The long debate has made Obama look indecisive and uncertain -- because he has been. And the leaks of conflicting positions have given his critics ammunition for the postmortem debate over any decision he makes. If Obama chooses to go small, hawks will accuse him of ignoring the advice of his own military commander, Army Gen. Stanley A. McChrystal, who asked for 40,000 additional troops. If he goes big, doves will accuse him of ignoring the advice of Ambassador Eikenberry, who said the additional troops wouldn’t do much good.

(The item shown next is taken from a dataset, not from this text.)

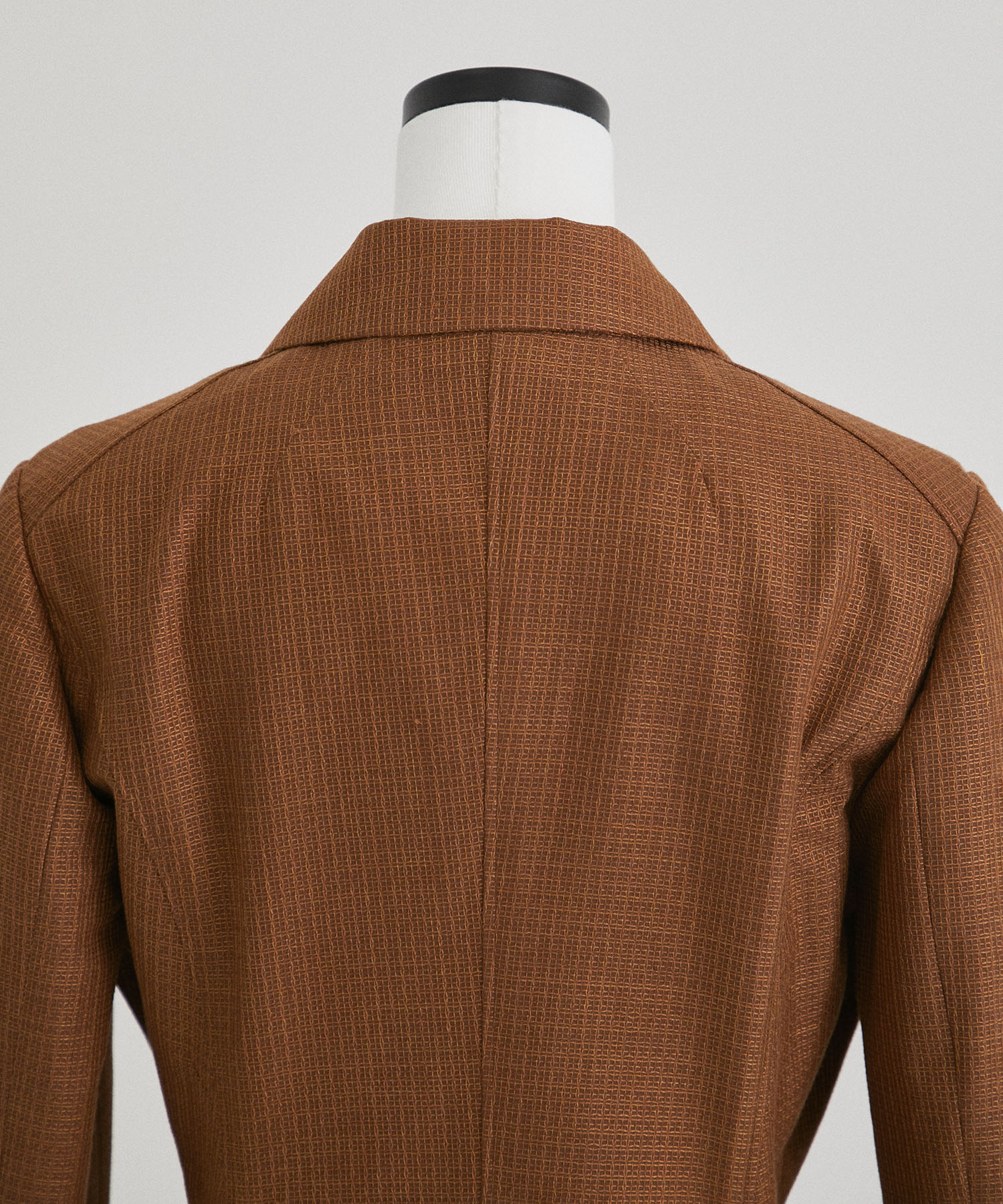 Geometric Silk Cotton Jacquard Double Beasted Jacket Mame Kurogouchi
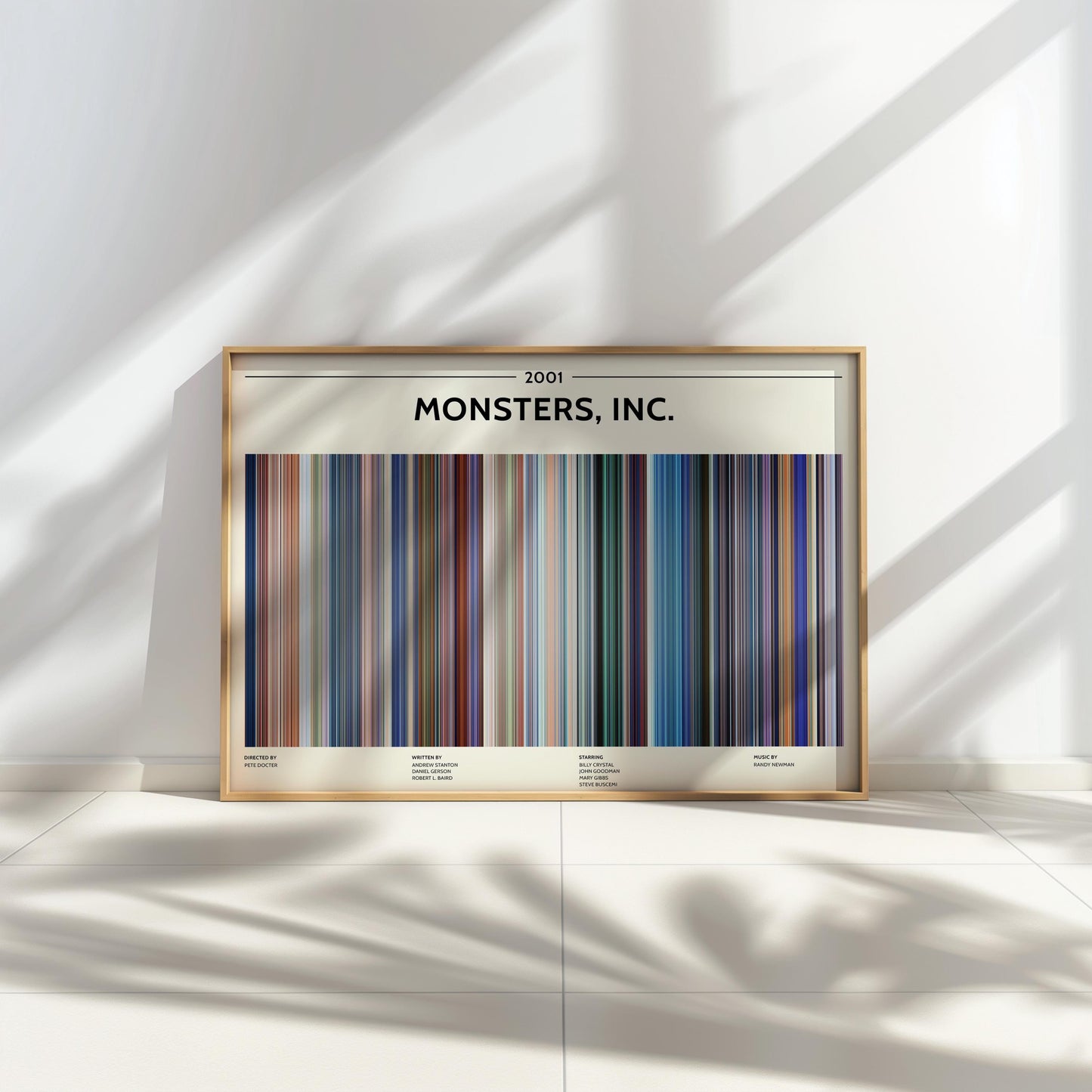 Monsters, Inc. (2001) Barcode Palette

When he ran for president, “no drama Obama” prided himself on a campaign organization that never aired internal disputes and always closed ranks in common cause. Not in this process, which has turned into a very un-Obamalike battle of leaks and counterleaks. This much transparency, alas, creates a problem: Washingtonians love to keep track of winners and losers. A well-managed process gives losers a chance to lick their wounds in private, without suffering public damage to their reputations. This one is more likely to end in public recriminations.

The debate has frayed relationships between the military officers who proposed the Afghan escalation and the civilian politicians (Obama, Vice President Joe Biden, Chief of Staff Rahm Emanuel) who run the White House. White House officials were irritated when McChrystal’s strategy proposal leaked in October, seeing it as an attempt by the military to box Obama in.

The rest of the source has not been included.